== ASSIGNMENT ==
Once you find the line containing "So now the subscription is getting cancelled." in the data below, copy it and each following line exactly, up to and including the line containing "What's up everyone, it's", and nothing else.

== STORED DATA ==
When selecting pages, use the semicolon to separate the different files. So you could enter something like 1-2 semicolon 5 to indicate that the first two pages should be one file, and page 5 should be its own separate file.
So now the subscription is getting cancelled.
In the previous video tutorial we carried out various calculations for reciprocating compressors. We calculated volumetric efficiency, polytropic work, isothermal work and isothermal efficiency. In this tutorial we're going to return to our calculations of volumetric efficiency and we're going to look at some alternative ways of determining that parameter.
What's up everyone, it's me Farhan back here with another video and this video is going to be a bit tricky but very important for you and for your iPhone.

...

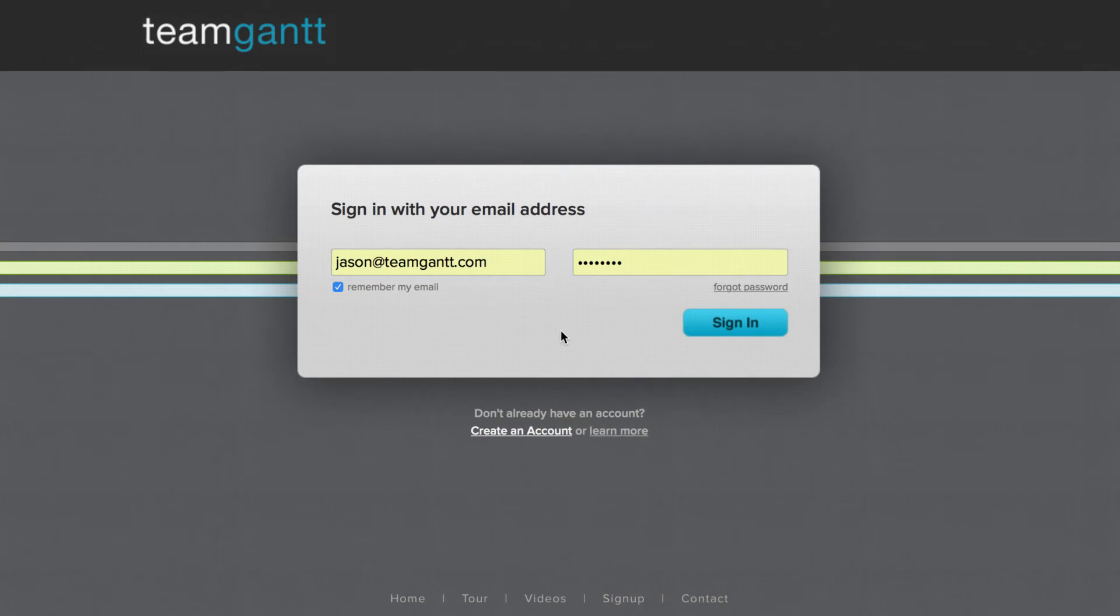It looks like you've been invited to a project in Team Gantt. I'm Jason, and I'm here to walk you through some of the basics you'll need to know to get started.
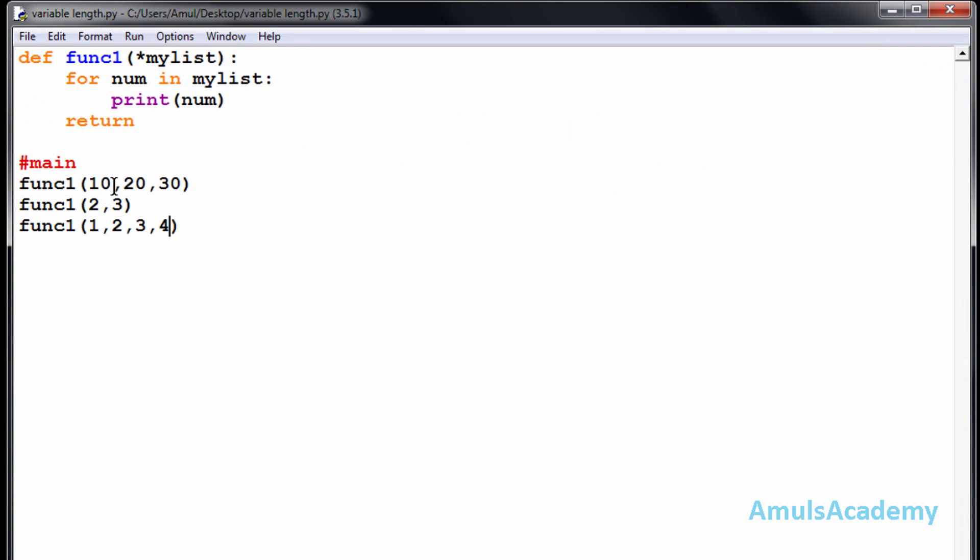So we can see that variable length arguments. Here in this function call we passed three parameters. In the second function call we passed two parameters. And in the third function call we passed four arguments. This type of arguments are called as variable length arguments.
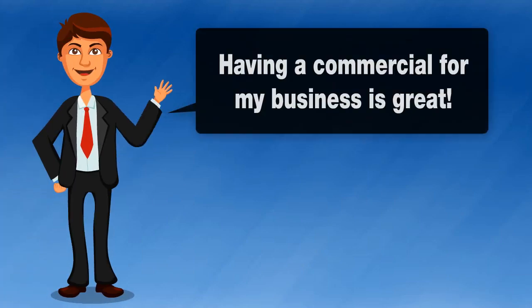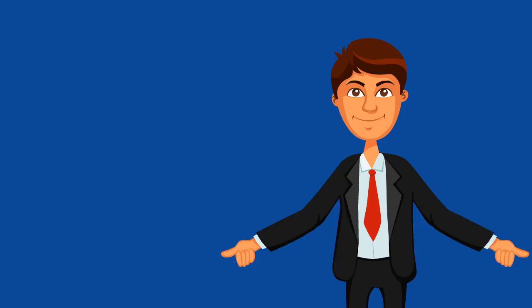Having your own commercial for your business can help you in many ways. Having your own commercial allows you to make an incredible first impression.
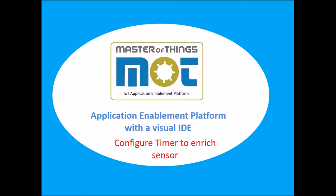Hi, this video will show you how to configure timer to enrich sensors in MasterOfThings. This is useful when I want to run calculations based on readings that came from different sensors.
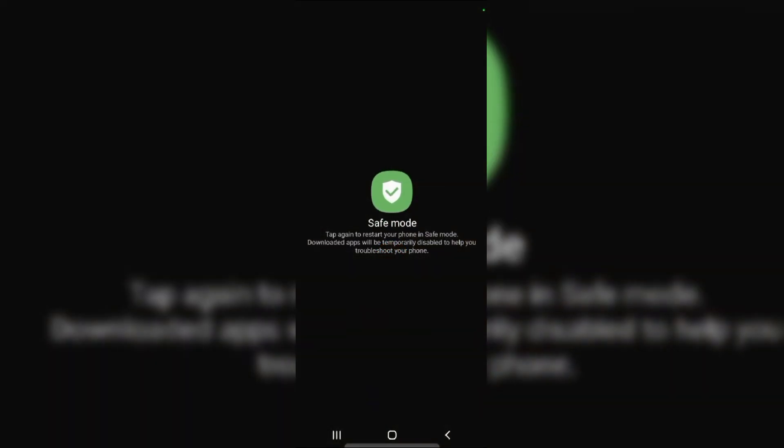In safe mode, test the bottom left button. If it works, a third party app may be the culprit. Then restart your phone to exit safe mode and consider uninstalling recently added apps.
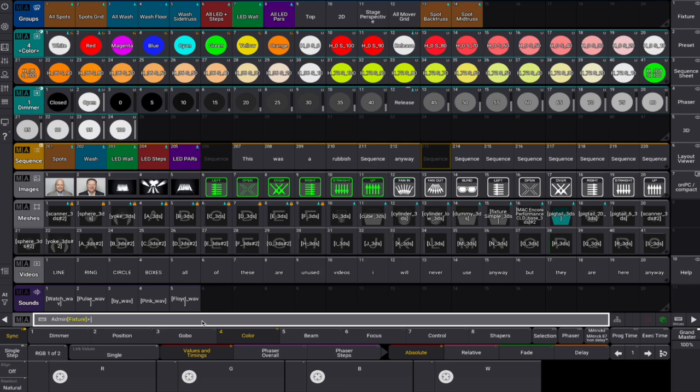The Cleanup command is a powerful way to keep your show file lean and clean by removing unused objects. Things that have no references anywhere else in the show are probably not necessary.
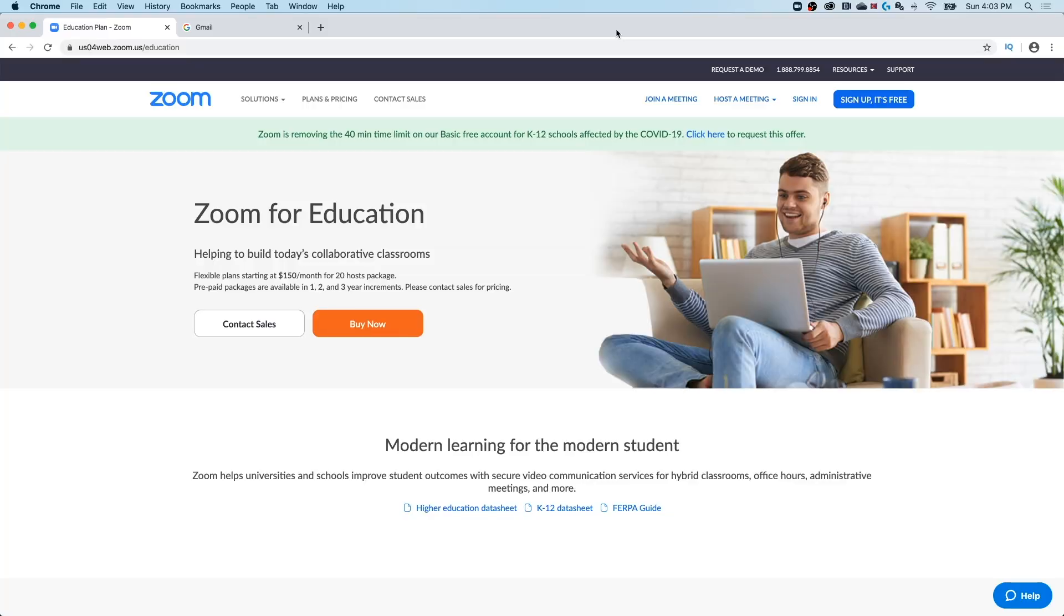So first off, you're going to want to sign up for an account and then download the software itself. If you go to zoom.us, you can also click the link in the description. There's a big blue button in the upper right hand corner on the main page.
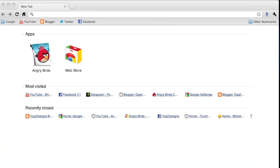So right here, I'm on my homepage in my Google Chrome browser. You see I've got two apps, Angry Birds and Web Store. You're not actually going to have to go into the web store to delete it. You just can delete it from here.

==

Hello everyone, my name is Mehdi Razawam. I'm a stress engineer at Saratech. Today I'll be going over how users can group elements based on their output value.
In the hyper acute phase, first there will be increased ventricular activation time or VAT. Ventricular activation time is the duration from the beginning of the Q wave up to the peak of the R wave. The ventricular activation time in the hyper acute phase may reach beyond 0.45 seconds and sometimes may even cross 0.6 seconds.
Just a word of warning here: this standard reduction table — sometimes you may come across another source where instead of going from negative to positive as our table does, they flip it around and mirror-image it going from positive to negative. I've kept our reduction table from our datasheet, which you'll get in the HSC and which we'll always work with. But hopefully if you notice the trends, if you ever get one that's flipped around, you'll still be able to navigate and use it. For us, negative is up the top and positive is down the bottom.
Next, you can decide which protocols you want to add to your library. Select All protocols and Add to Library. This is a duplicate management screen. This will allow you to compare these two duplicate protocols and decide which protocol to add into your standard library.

== SOLUTION FOR THIS TASK ==
So now the subscription is getting cancelled.
In the previous video tutorial we carried out various calculations for reciprocating compressors. We calculated volumetric efficiency, polytropic work, isothermal work and isothermal efficiency. In this tutorial we're going to return to our calculations of volumetric efficiency and we're going to look at some alternative ways of determining that parameter.
What's up everyone, it's me Farhan back here with another video and this video is going to be a bit tricky but very important for you and for your iPhone.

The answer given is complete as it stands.